The answer is yes. Let us assume that the value of
Z increases with eccentricity. This will produce an increase in thresholds, as seen in Part I (
Figure 2). However, due to the compressive nature of the nonlinearity at high contrasts, there will be little change in output with eccentricity at suprathreshold levels, as shown by the model response functions in
Figure 10A at low and high input contrasts (dashed line vs. solid line at the starred location).

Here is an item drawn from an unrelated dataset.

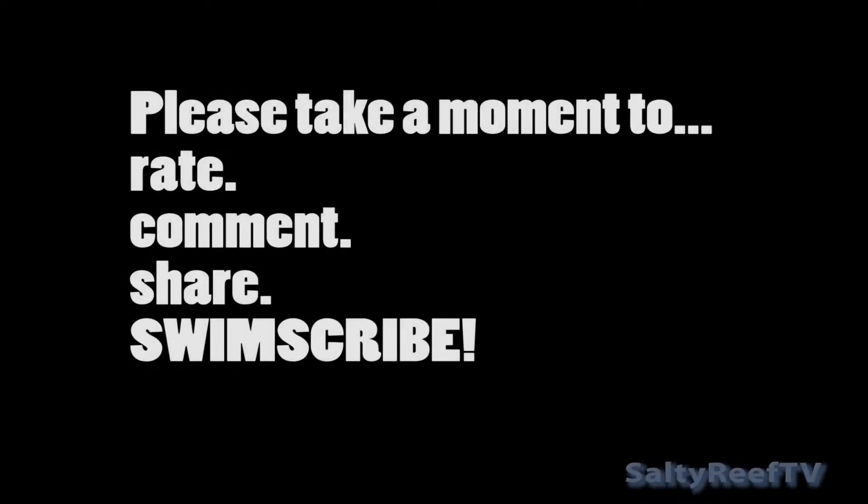I hope this review was helpful for you. If this is your first time checking out my channel, please hit that subscribe button, thumbs up or thumbs down, and leave me a comment below. Let me know what else you want to see me review, and thanks for watching.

This reflects an empirically well-established phenomenon known as contrast constancy, which occurs over changes in both spatial frequency and eccentricity (Cannon,
1985; Georgeson & Sullivan,
1975). The gain control model can thus describe both the increase in detection threshold and the fidelity of high contrast stimuli at different eccentricities or spatial frequencies by varying a single parameter,
Z (for spatial frequency, this most likely only applies to lower frequencies, where attenuation from optical factors is unimportant, i.e., below 10 cpd, Williams, Brainard, McMahon, & Navarro,
1994).
Figure 10B demonstrates this property of the model, which was originally described by Cannon and Fullenkamp (
1991). The CSF was determined by estimating values of
Z that produce detection thresholds at a range of spatial frequencies (based on the data of MAG from Georgeson & Sullivan,
1975). We then used the model to generate responses at 7 contrast levels for a single
Z value and calculated the matching contrasts at each spatial frequency (estimated
Z value) that produced the same magnitude of response. This produced the familiar flattening of matching functions at high contrasts, observed for both spatial frequency and peripheral viewing (Cannon,
1985).
This account also gives some insight into the behavior of 2nd order mechanisms. If the output of 1st order mechanisms, which is governed by
Equation 3, forms the input to 2nd order mechanisms, then performance should be largely unaffected by changes in the detectability of the carrier at low contrasts, once it is above threshold and in the compressive region of the transducer response curve (the star in
Figure 10A). Thus, second order sensitivity could be determined by constraints other than that of absolute sensitivity to the carrier, as we have found here empirically at fine spatial scales.